Magnitude patterns arise from Fourier transforms.

Bob Lansdon and Tom Hedges showed me magnitude patterns back at Calma in 1978. Tom had just finished a driver for the large-bed Versatec raster plotter. The plot was probably about 3 feet square and it was computed by using a 1024x1024 2D FFT of seven points evenly distributed about a circle. Bob had the program shade the magnitude of the result. FFTs work in the complex domain and by this he meant plotting for a+bi the result sqrt(a*a+b*b). Here to right you see a magnitude pattern. It is very much like a sort of puffy shape with black rivers wending and undulating through it.
Perhaps we can see the convolutions of a human brain in it. When you notch higher frequencies, you get patterns that may include flowers, lines of beads, and really all sorts of symmetries. I got to thinking that I might be able to show the patterns more effectively, and so I decided to render the magnitude pattern to a texture and back to an FFT, moving to to the real channel of the data. Then I highpassed the result to remove the wide range of the bias. Once that  was done, I then transferred it back to a texture and annealed it to reveal all the patterns in a much higher-contrast format.
Lines, beads, and strange patterns kind of like those we see in the convection patterns of the solar surface begin to appear.

I really don't have any idea why these patterns are like this, save for one simple explanation. They are the magnitude patterns of a notch-filtered texture. This texture has really only one frequency of data in it, which makes it ring on only one wavelength. So the patterns are like waves on a pool with several disturbance points, all adding up to a chaotic, but highly band-limited pattern.

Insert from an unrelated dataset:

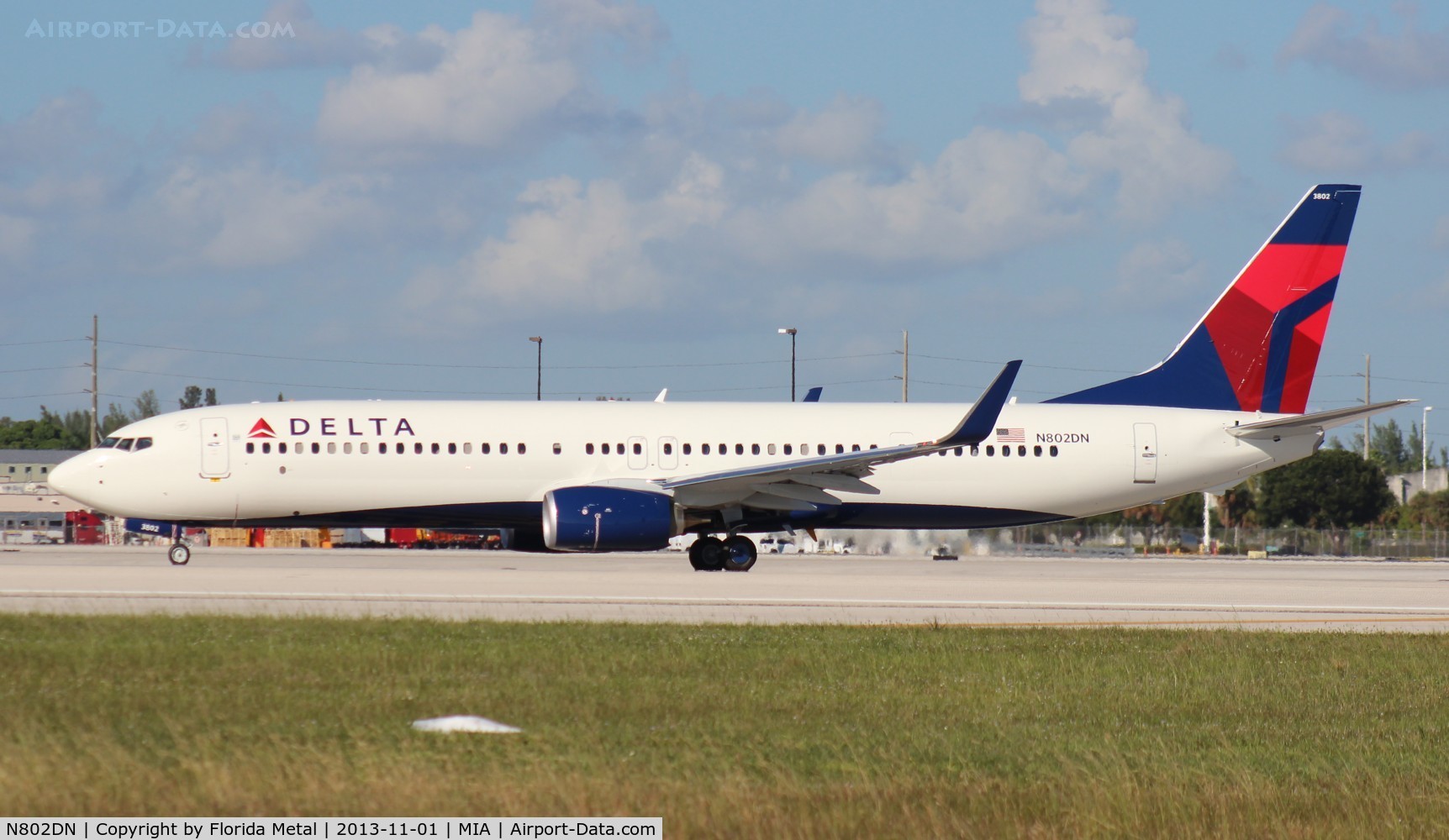 N802DN, 2013 Boeing 737-932/ER C/N 31917, First day of revenue service.  Brand new Delta 737-900 returning to DTW from MIA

Here you see the real component of the magnitude pattern at the top of this page. The dots are all in the same place, but the dark spots and the light spots in this version are both represented by light spots in the magnitude pattern. This is because the FFT, with its negative and positive values, was normalized to the black-white tonal range for display. Thus the dark spots are actually negative values and the light spots are positive. And both the negative and positive values have positive magnitude.

So that does describe why the patterns have black rivers between them, but it doesn't say why there are higher-level patterns in the image: lines, rosettes, and chains.

I call it happy coincidence.

When your image has a particular kind of directionality to it, the magnitude patterns do as well.

Here is a pattern from an image with some directionality to it. You can almost feel the sculpted surface, like some H.R. Giger style image. Dark, organic shapes.

I was intrigued by magnitude. I took a hatching texture and annealed it into a sort of protoplasm you see to left here.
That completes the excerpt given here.